Earnings Consequences of the Clean Air Act

06/01/2014
Featured in print Digest

...a 10 percent decrease in TSPs in the year of birth is associated with a 1 percent increase in annual earnings at age 30.

The 1970 Clean Air Act Amendments (CAAA) in the United States limited the maximum allowable concentration of airborne total suspended particulates (TSP). As a result, the Environmental Protection Agency designated counties, or more specifically, air regions, as having "nonattainment" status under the new regulations if the monitored TSP concentrations exceeded the limit of 75 micrograms per cubic meter (µg/m3). Counties for which TSP levels were below the threshold were designated as "attainment" counties. Comparisons between attainment and nonattainment counties in the years after implementation of the regulation show a reduction in nonattainment counties' ambient TSP levels of about 10 percent.

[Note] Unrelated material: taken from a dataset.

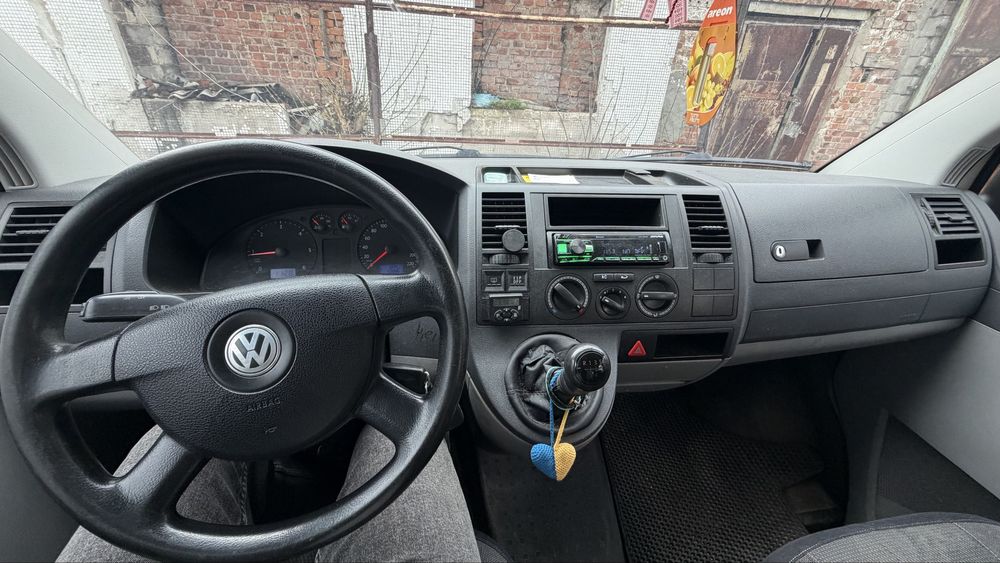 Продам фольцваген  т5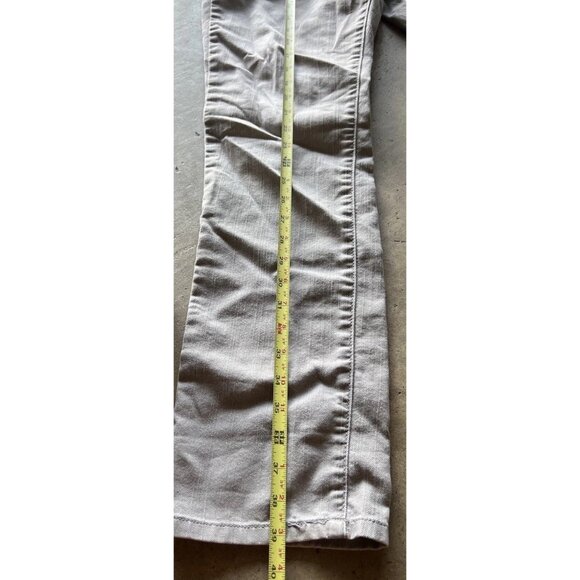 Chico’s Platinum Denim Jeans Gray Silver Soft Cropped Capri Jeans Women’s Sz 0 - Picture 3 of 15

In Every Breath You Take - Every Dollar You'll Make: The Long-Term Consequences of the Clean Air Act of 1970 (NBER Working Paper No. 19858), Adam Isen, Maya Rossin-Slater, and W. Reed Walker exploit this regulatory variation in TSP levels over time and across counties to examine whether differences in exposure to TSPs at birth are correlated with long-run human capital measures at age 30. The authors link county of birth to administrative earnings records for residents of 24 states and conclude that a 10 percent decrease in TSPs in the year of birth is associated with a 1 percent increase in annual earnings at age 30. This translates to about $260 per year in 2008 dollars. Most of the difference in earnings capacity results from differences in the number of quarters worked rather than from differences in full-time wages. In 1972, there were about 1.5 million births in nonattainment counties, implying a cumulative earnings increase of about $6.5 billion annually per cohort. Assuming these effects are persistent over the lifetime earnings profile, the authors calculate that improved early-life air quality is correlated with total lifetime earnings gains of $4,300 per individual.

The authors use administrative earnings records from the Census Bureau's Longitudinal Employer-Household Dynamics file to link city and state of birth with later life earnings measures. The authors combine the administrative records with data from the Bureau of Economic Analysis's Regional Economic Information System and the National Center for Health Statistics to control for observable, time-varying determinants of later life outcomes that may be correlated with pollution in the year of birth. They find no evidence that family and child characteristics are differentially changing across counties in a manner correlated with the policy implementation.